I found the Cat Forum just recently, when I felt that I wanted to make some tribute to a member of our family, our cat. Thinking perhaps it would alleviate some of the ache created by his departure, I joined the forum and posted this message.

We have now adopted a young kitten named Kiwi from our local shelter. She's a young female about five and a half months old. She's black and orange with a tortoise shell coat, short haired domestic variety. She's loving and playful. Unfortunately, she apparently acquired a URI from the shelter, and is under the vet's care in order to control it. It kind of creates a worry, not unlike a parent's worries for their child.

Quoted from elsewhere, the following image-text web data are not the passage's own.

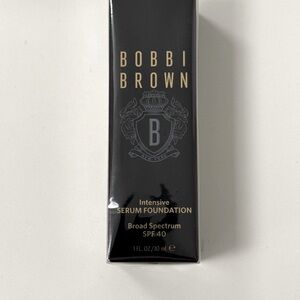 Bobbi Brown Intensive Serum Foundation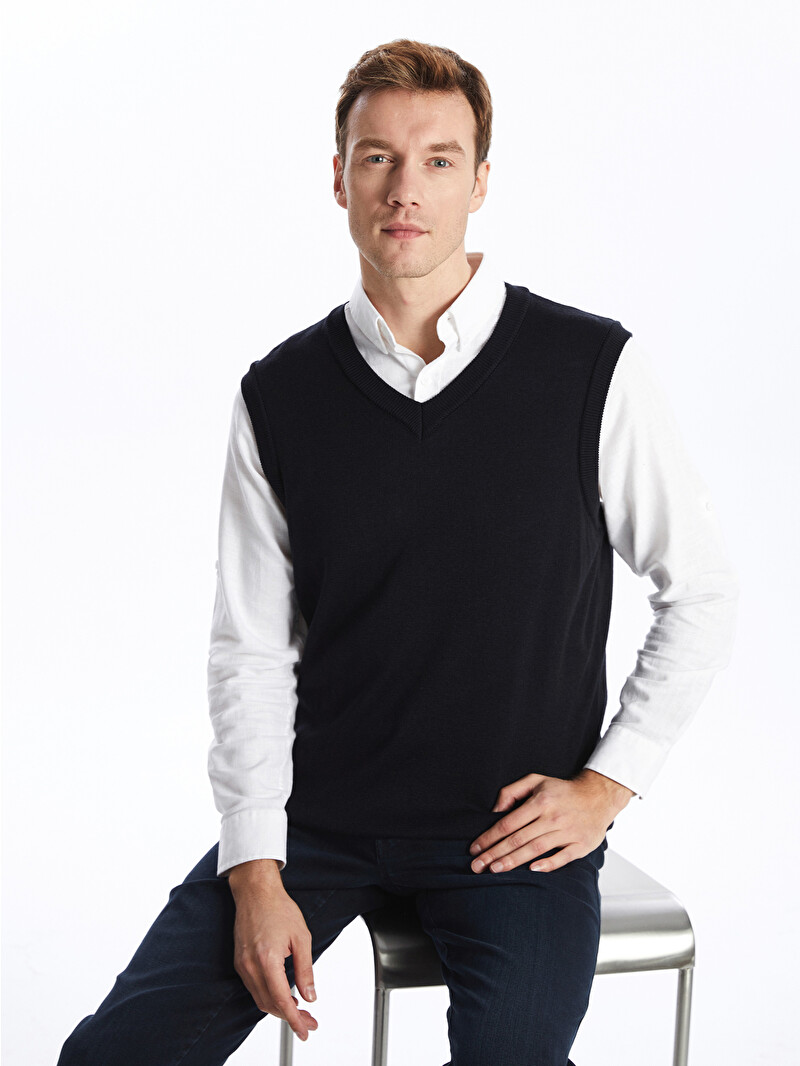 LCWAIKIKI Classic Standard Fit V Neck Men's Knitwear Sweater Vest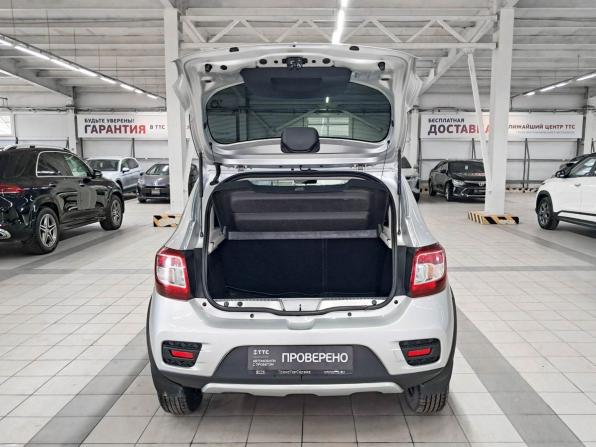 Renault Sandero II с пробегом 2015 года, цена 805 000 рублей, 116370 км, хэтчбек, Автокод Объявления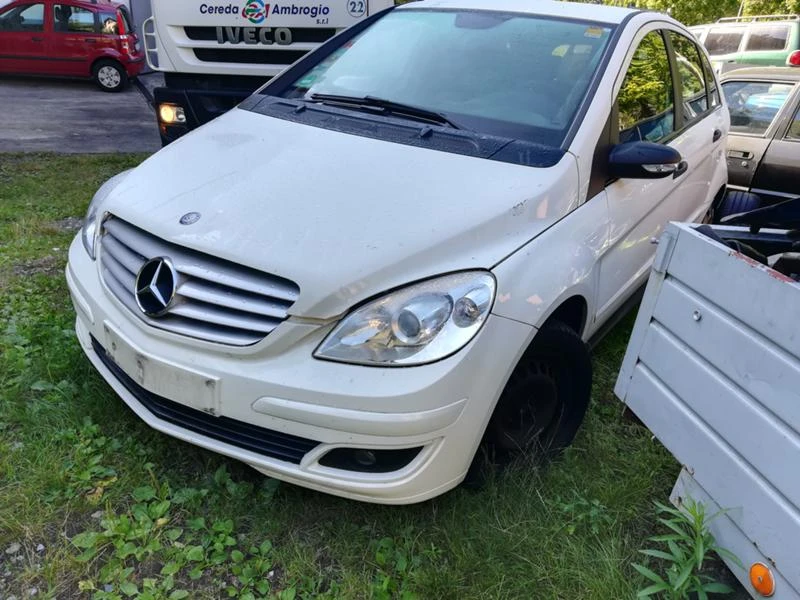 Mercedes-Benz B 180 АВТОМАТ/ЧАСТИ, снимка 2 - Автомобили и джипове - 30174641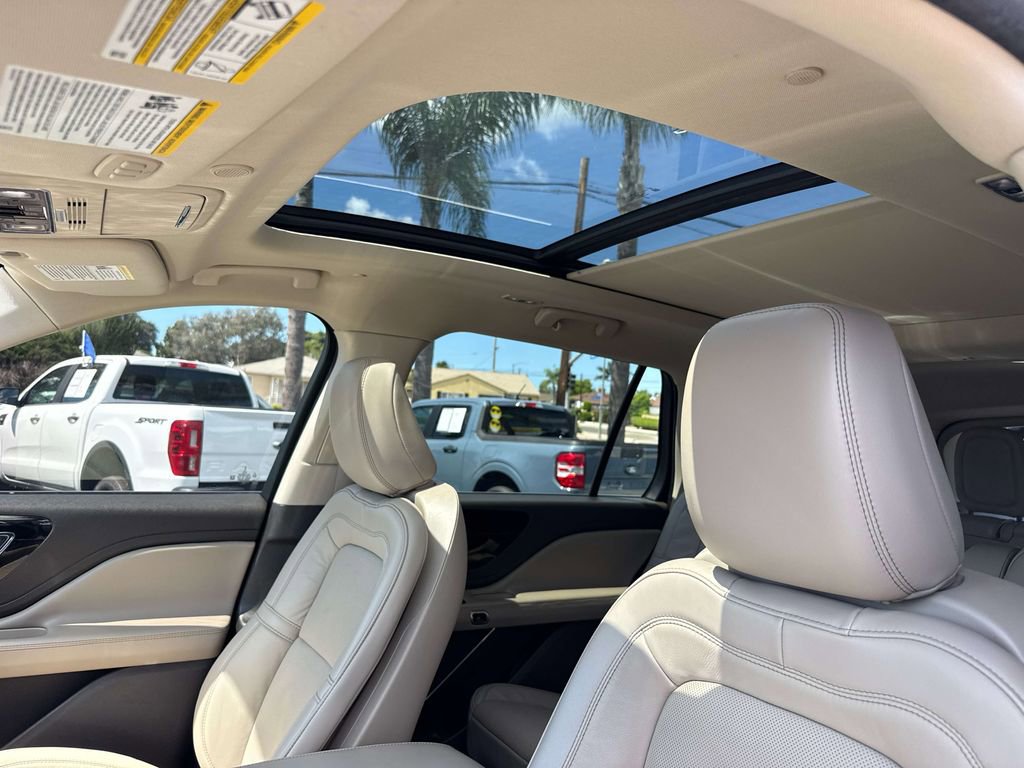 Used 2023 Lincoln Aviator Reserve w/ Equipment Group 201A image 25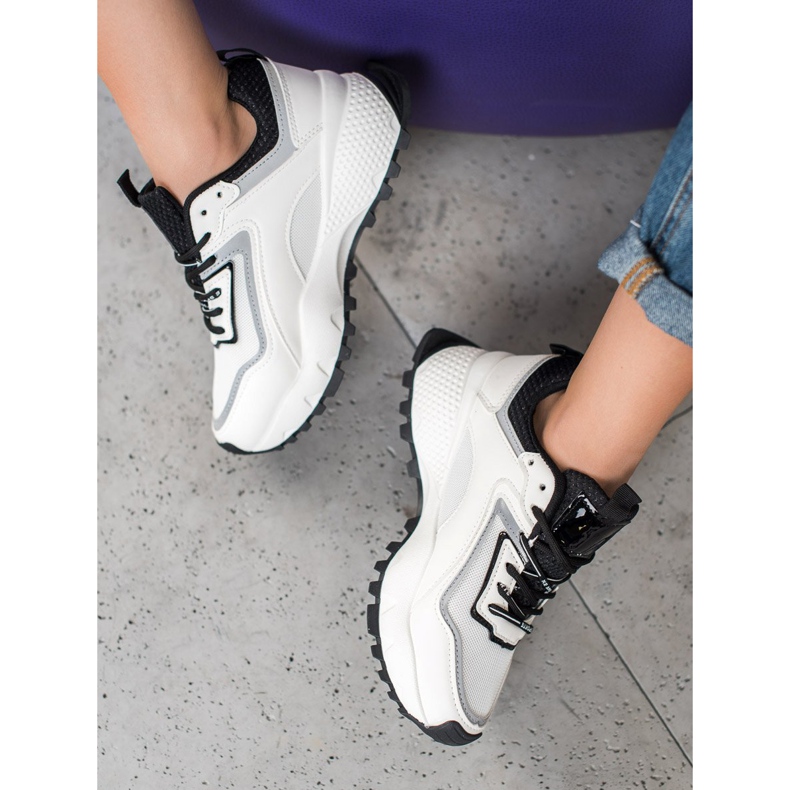 SHELOVET Tennarit mustalla pohjalla valkoinen 1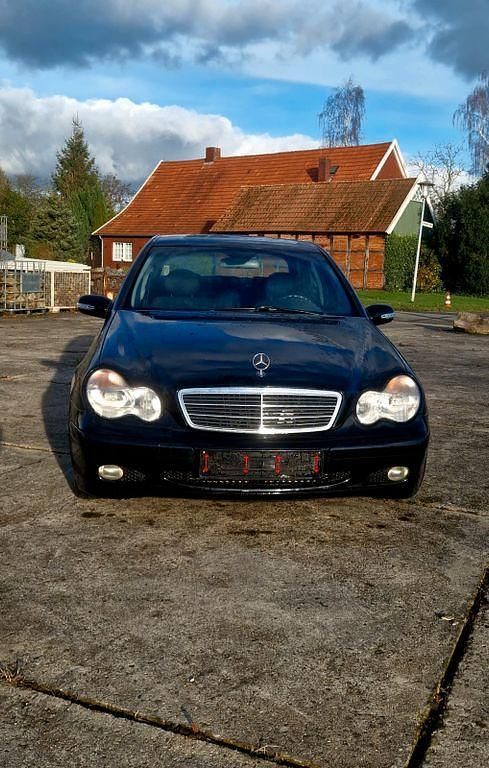 Schwarz Gebraucht 2000 Mercedes 220 Limousine | 3.000 € - Bild 1/4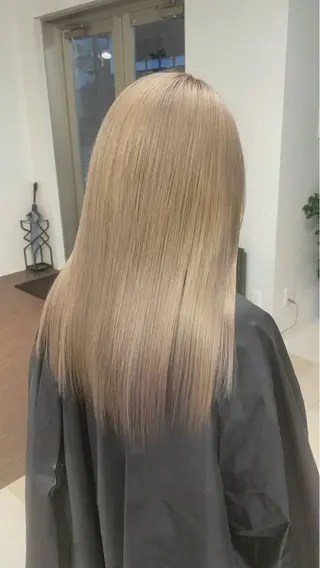 セミロング カラー B.Chance カラーリスト　ペーのヘアスタイル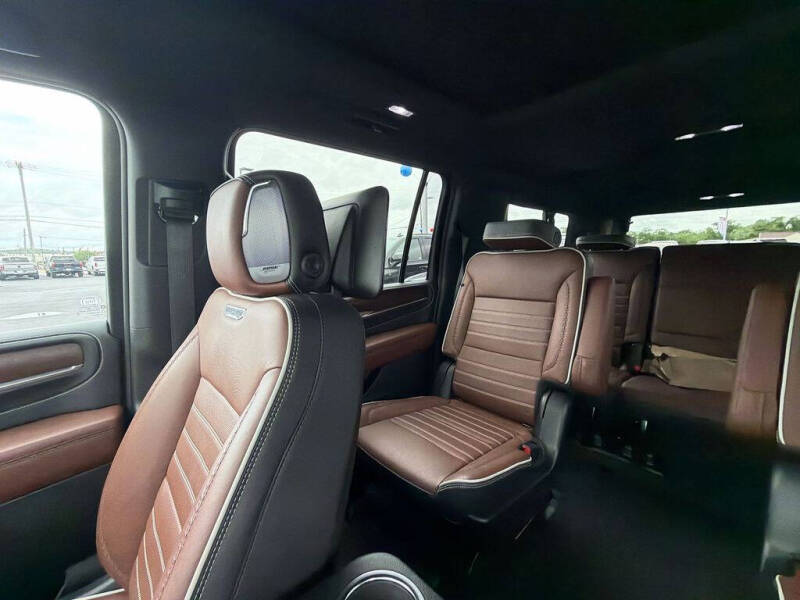 2023 GMC Yukon XL Denali Ultimate
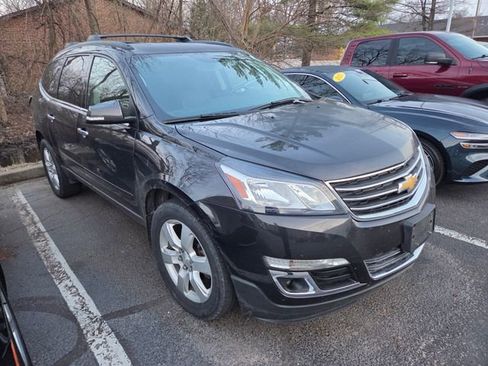 Used 2017 Chevrolet Traverse LT w/ Style and Technology Package image 3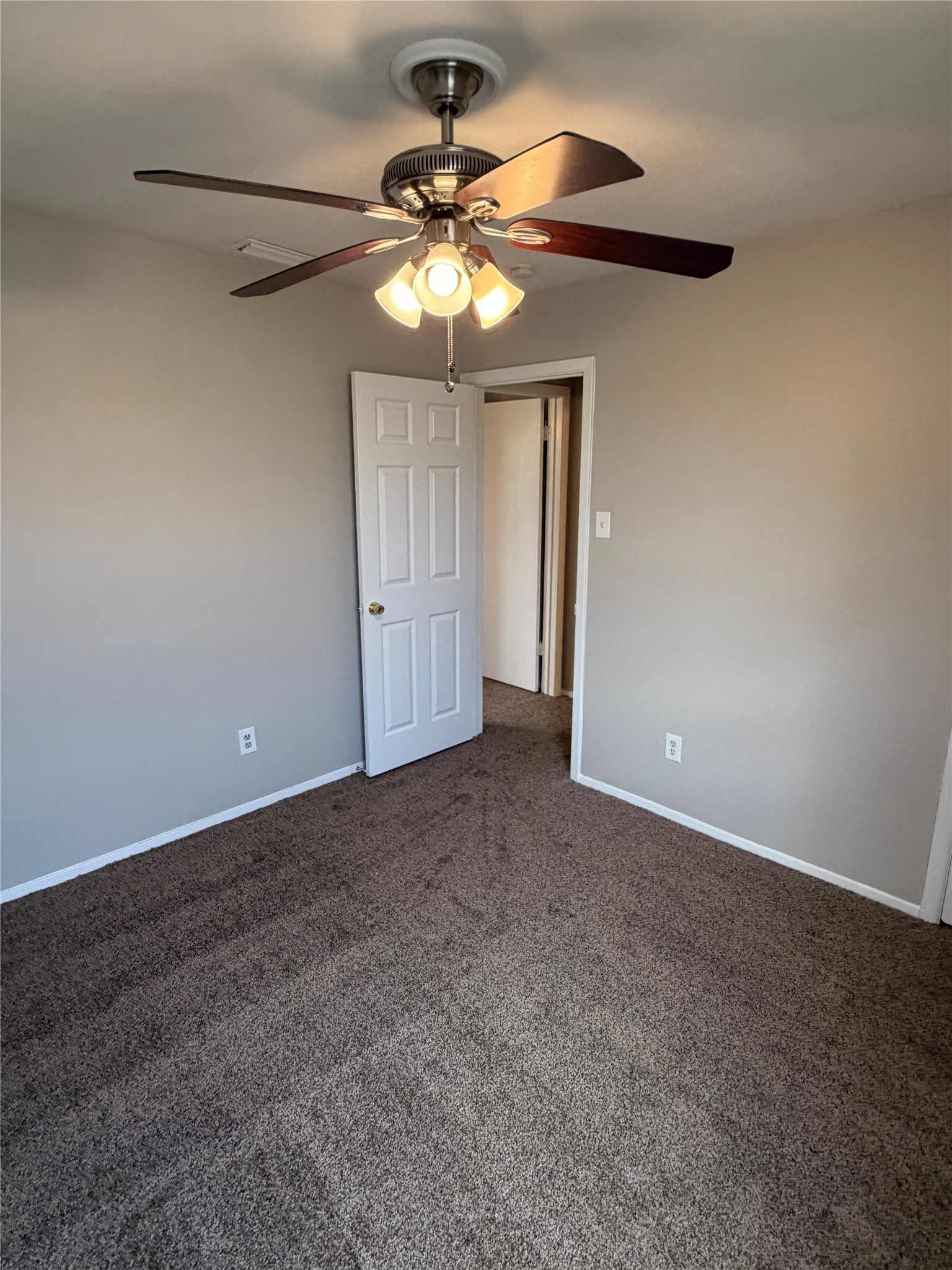 415 Stonehenge Drive Arlington TX 76014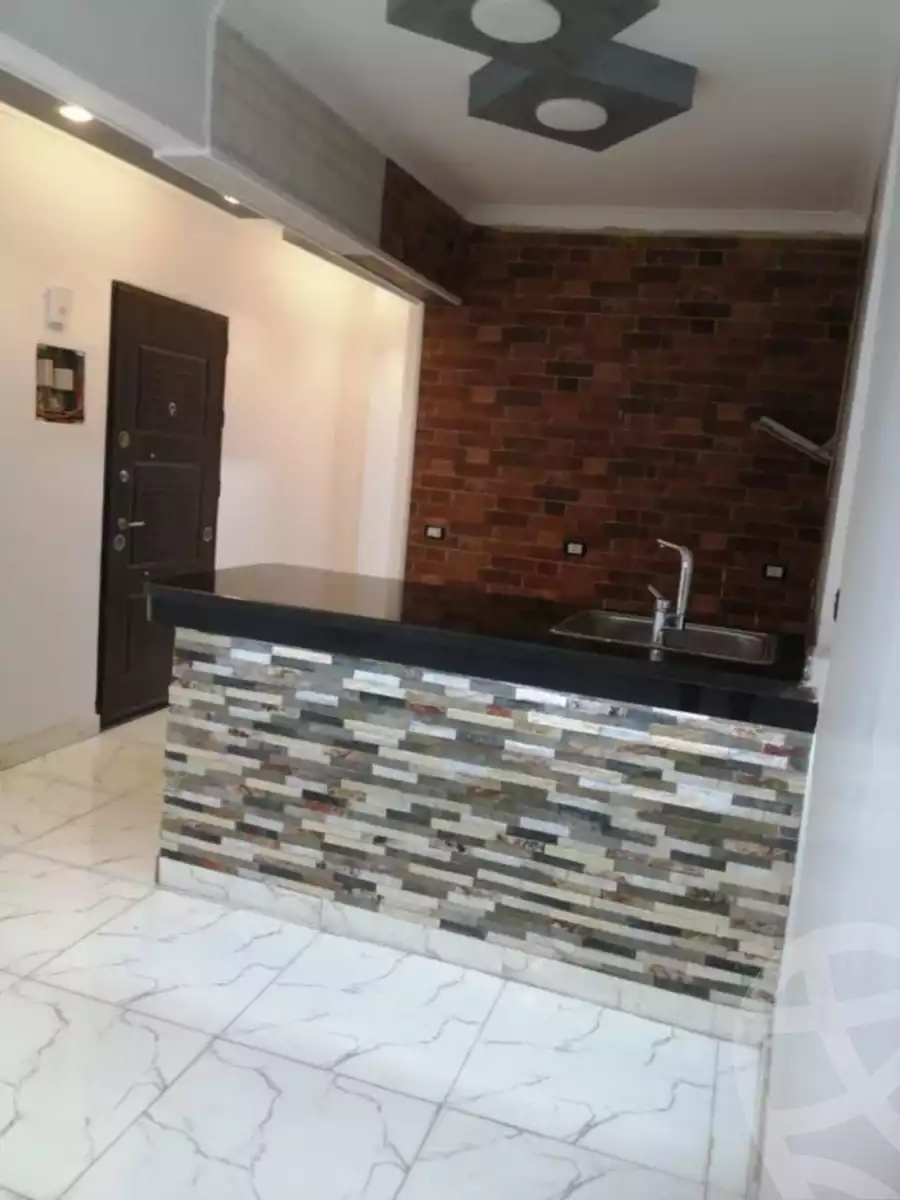 https://aqarmap.com.eg/ar/listing/6340406-for-sale-cairo-el-zaytun-lzytwn-lbhry-shr-lsbg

I'm presently quite active on another forum as an administrator. With about 5000 members, it gets quite busy, and takes a great deal of time. I may not have a lot of time to post here, but I've certainly become attached to reading the wealth of information and enjoyable comments contained here. I'm pleased to find you.


----------



## Padunk (Oct 20, 2003)

Welcome aboard.


----------



## PrincessClaire (Jan 16, 2004)

Welcome to the forum hope you have fun


----------



## Aonir (Aug 18, 2003)

Welcome to CatForum!


----------



## kristi (Sep 19, 2003)

Welcome to you and Kiwi. I'm very sorry for your loss of Rom.


----------



## karaokekat (Jan 14, 2004)

Welcome! We hope you stay around a bit


----------



## Ioana (Jul 12, 2003)

Hello James - Welcome to the forum 
There is no easy way to say the final good-bye but it is certainly a beautiful thing to pay tribute to Rom talking about him, sharing with other people what a wonderful pet he was. 
I hope Kiwi will get better soon *keeping fingers crossed for her*. I can feel your level of worry - you are right - we are practically parents.
Looking forward to seeing pictures of both of your babies


----------



## CATTYBIRD (Jan 24, 2004)

Welcome to the forum. <<))


----------



## kitkat (Sep 22, 2003)

Welcome to the forum! I'm sorry about your loss of Rom, but am definitely glad you took another kitty who needed a home. Hope your new kitten gets better! Good Luck!


----------



## Empath (Jan 23, 2004)

Kiwi is doing much better. She's got her energy back to a large extent, a healthy appetite, and looks to be on the mend. She's still sneezing, but the vet says she'll probably have the sniffles for a few days. She's an absolute delight.


----------



## Ioana (Jul 12, 2003)

That is wonderful news, Empath - Kiwi will be 100% healthy pretty soon.


----------



## Empath (Jan 23, 2004)

I've heard only one sneeze from Kiwi today. She's as energetic as a kitten should be. As is characteristic of youth, she seems absolutely thrilled with life; and is constantly exploring and learning about the world around her.

I'm really quite relieved that she's doing so well. Now I've got to look reluctantly toward Feb 17, the day she'll be spayed. All that keeps going through my mind is a memory of a friends kitten that didn't survive; but I've heard that spaying is generally without such complications.

Anyway, we've got her for whatever time she spends in this world, or she's got us for whatever time we spend in this world. Who could ask for more?


----------